Why would healthy adults who are barely in their 60s become so attached to the past? They have the wealth that would allow them to travel and indulge in any other type of interest they desire right in the present. I’m sure plenty of seniors out there have expectations and dreams for the future, but not my folks. Is this something I’ll understand when I’m their age? Or is this somehow a sign of sickness?
Genealogy is a fascinating hobby, but I have limits. Any polite attempts I make to turn our conversation back to the present day so I can participate are rebuffed.
It isn’t my business how they live their lives, but it’s thrown me for a loop seeing that they actually do have the capacity to care deeply about something. Why did it take this long?

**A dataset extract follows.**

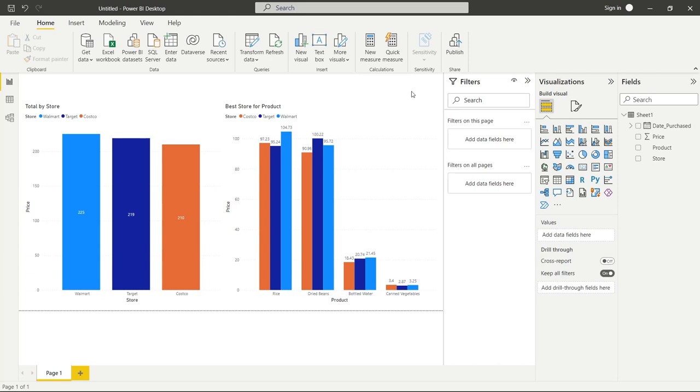So in future videos, we're going to dive into a lot of the things that we looked at today, but just in more detail. And then at the very end of the series, we're going to have an entire project where we really use every single part of Power BI and create a beautiful dashboard. And so that's all we have for our very first video in our Power BI series. I hope it was helpful. If you liked this video, be sure to like and subscribe below and I'll see you in the next video.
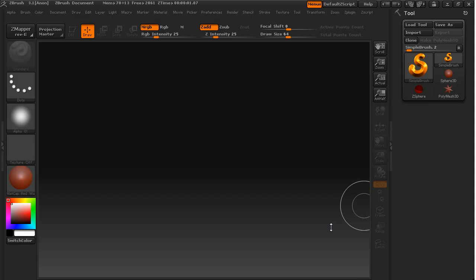Alright, we are now in ZBrush. This is where all of the boring stuff that we have gone through in the previous five lessons finally comes together and we get to have some fun.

This sounds like a classic case of relative narcissism, a projection disorder in which the ego, unable to countenance its own narcissism, projects onto ancestors all the idealized qualities it would otherwise take onto itself; it is harder to diagnose than traditional narcissism because its sufferers do not act grandiose and superior. Rather, they adopt a humble air in deference to their great aunt or uncle. It’s not they who are draped in glory but long-dead forebears (who, through genetic association, nevertheless give proof of superiority). It can be paired with a deep, melancholy longing for an idealized world and a sense that today’s world can never measure up to this mythical past. It is often found in baby boomers who didn’t attend Woodstock but had a cousin who did.
Of course, you don’t find “relative narcissism” in any diagnostic manual.
It doesn’t exist in the literature yet. I made it up.
But if it did exist, it would exist because the psychiatric community would recognize that when an interest in one’s ancestors becomes more than historical, when it seems to take over one’s emotional life, then some need other than mere curiosity is being met. What is that need? What are they really getting out of it?
I suspect that it generally works to quell one’s anxiety about where one fits in the social hierarchy. It also can function as a kind of simulacrum of immortality: To contemplate the long line of people who preceded you might give you a sense of how vast time is, which is something like contemplating the ocean or the forest, something larger than oneself. I’m guessing it can also serve a need to believe in one’s goodness — and perhaps in one’s innate superiority.
If they talk only of those who played a part in some grand enterprise, perhaps that serves to highlight grandiose virtues. Believing ourselves blessed with a hidden talent for political office, for instance, we note with pride that we are descended from a campaign worker without whom, who knows, the history of New York might have been turned on its ear.
Or let’s take the opposite tack. Let’s suppose that your parents actually feel inferior, that they are searching for some way out of a nagging sense of having never measured up. Obsession with dead mirrors of ourselves can work to justify our shortcomings. Are they talking about ancestors who went to the gallows, or never left the galley of a ship? That might tend to justify a perceived low station in life, one that one considers unjustified.
The key question is: What are they getting out of it?
In practical terms, regardless of whether it shows one to be high or low in the hierarchy, genealogical inquiries can simply offer one a new freedom to be oneself. For instance, my Uncle Hall walked into the kitchen the other day and began declaiming on the wildness of the Tennises, which we get supposedly from the Hawkinses. I found myself curiously grateful for his thoughts on the matter, having never found it easy to behave myself.
Not that the Tennises aren’t intelligent, says my uncle. Lord knows we have brains. We’re just wild. It’s our Hawkins blood, says Hall. Those Hawkinses of the Tidewater.
He also says generations of Tennises have always gone to sea — and being genetically predisposed to take the tiller, we inevitably settle on coastlines. Which explains why I put up with the fog, and why the paint is peeling: Why couldn’t I have bought a house in Arizona?
My basic take on genealogical research is that it would be wonderful if the purpose of it were to broaden our sense of common humanity, not to find evidence of some innate superiority. For such are the ideological roots of racism — a belief in innate values that come invisibly in the blood.
Better to look for evidence of our connection, rather than our difference.